On March 29-30, 2012, CSHPE professor Dr. Michael Bastedo presented at the Educational Policy Studies (EPS) Conference.  The 9th annual EPS conference titled The Public Interest and the Future of Public Higher Education in the 21st Century, took place at the University of Wisconsin Madison.  Based upon his previous research, Dr. Bastedo gave a presentation titled Revisiting Governing Board Activism in the Public University.  I spoke with Dr.
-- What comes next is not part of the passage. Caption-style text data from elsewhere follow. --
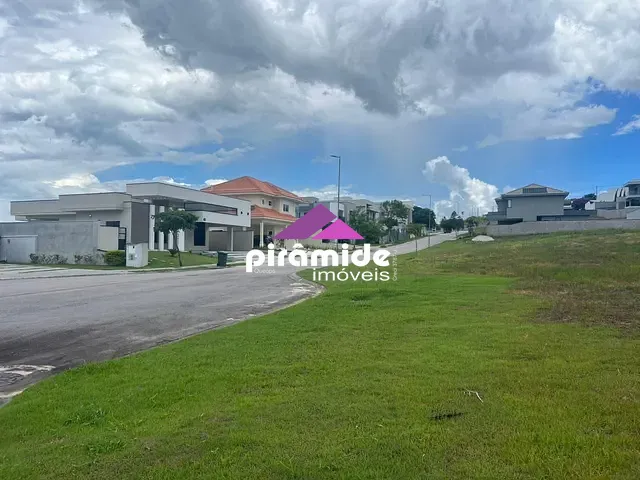 Terreno com 895m², à venda, no bairro Urbanova em São José dos Campos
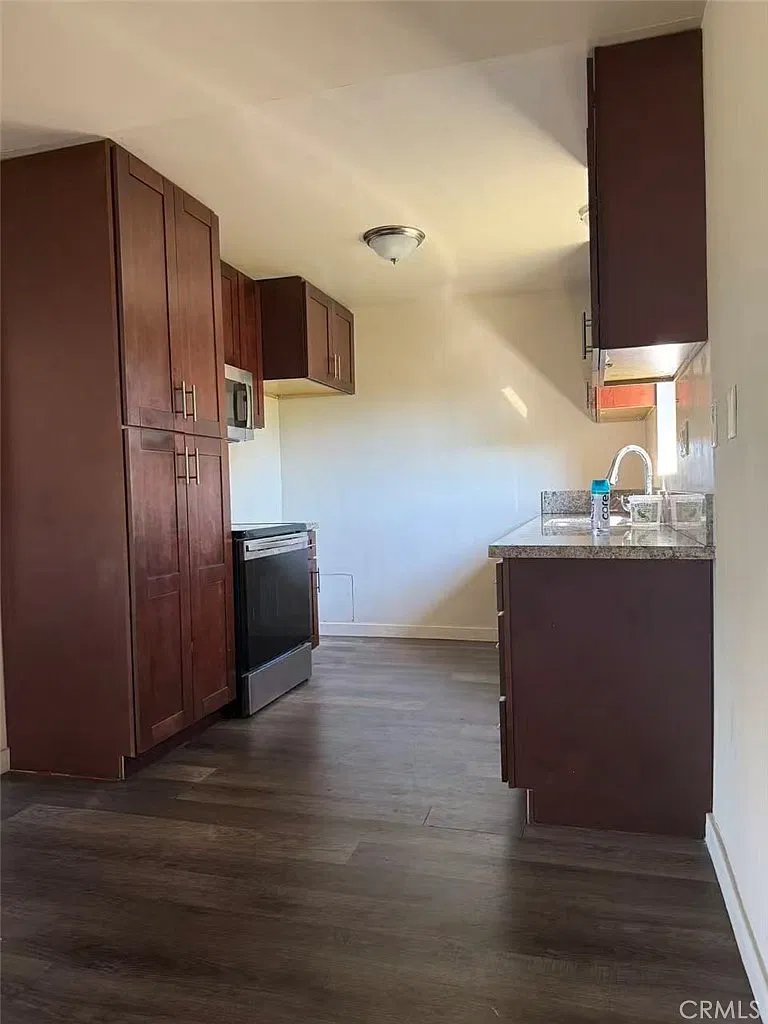 2 bed, 2.0 bath, 1100 sqft, $2,600 — Photo 2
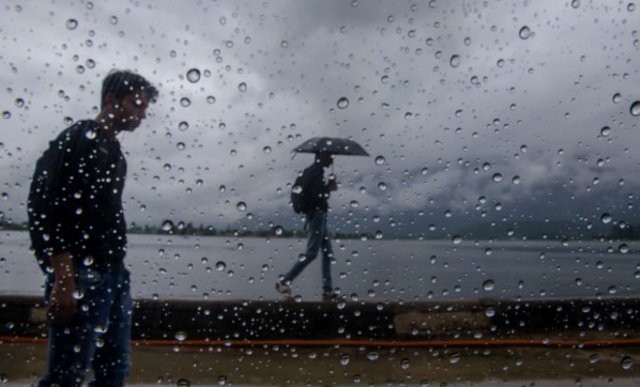 Meteoroloji İstanbul için saat verdi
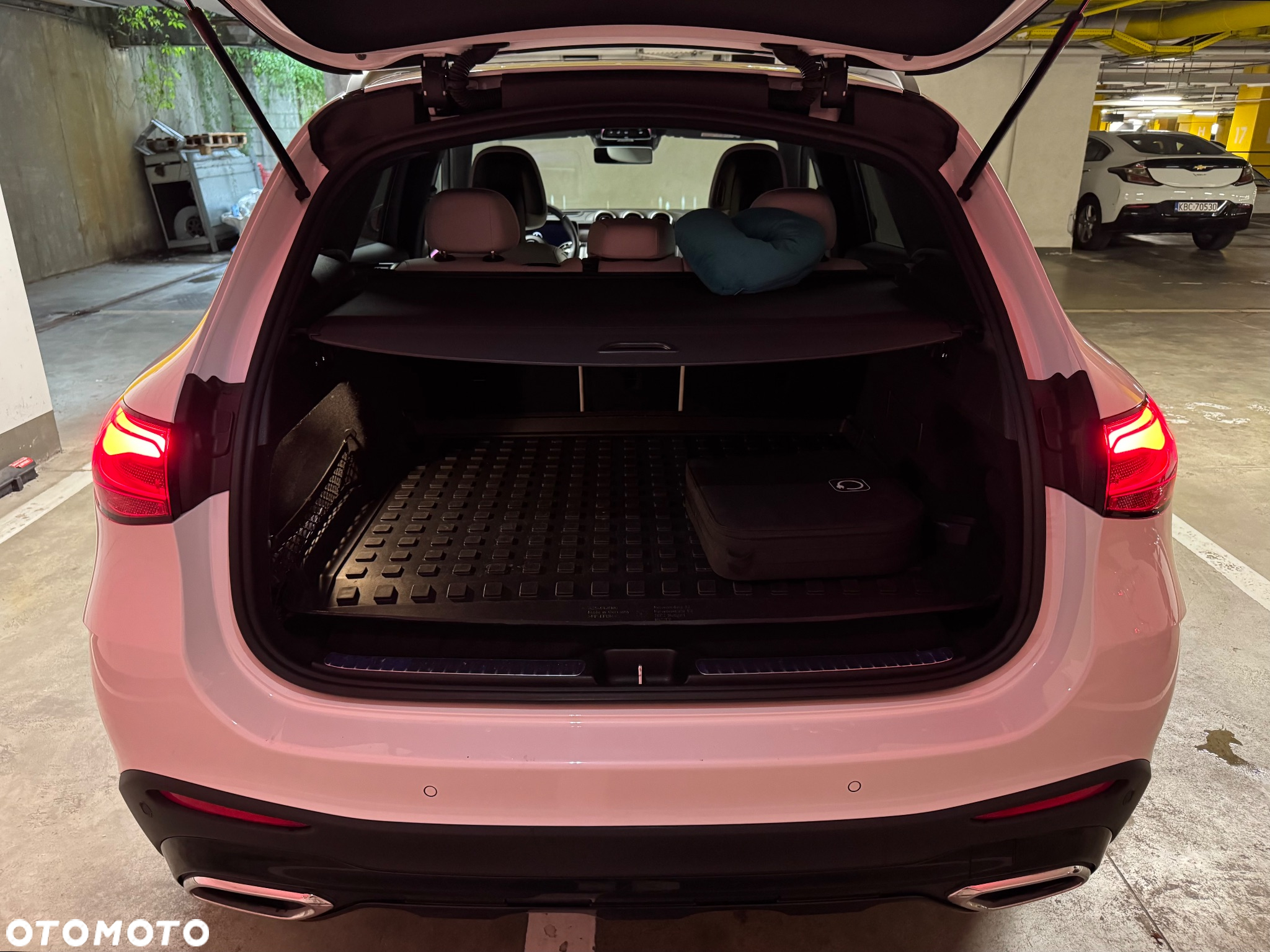 Mercedes-Benz GLC 300 e 4-Matic AMG Line - 15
Bastedo a week after his return from the conference about his experience, his presentation, and how it related to his former work in the fields of higher education and governing board activism.

How did your presentation, Revisiting Governing Board Activism in the Public University, relate to your 2005 article on activist boards?

What I was doing here was discussing my work on activist boards, in correlation with my later work about the dynamics of trustee independence.  During the last decade, people thought of governing boards and trustees as a very individualistic phenomenon.  Many thought that these people were going to use their positions, as trustees, as a platform to discuss higher education more broadly.  These cases, however, were not that helpful, considering that the individual trustees were not that influential.  I wanted to delve deeper into the cognitive dynamics by which people start to become identified as activist trustees and what it means to be an activist trustee.

In 2009 you wrote about “moral seduction.”  How does that concept relate to your recent presentation?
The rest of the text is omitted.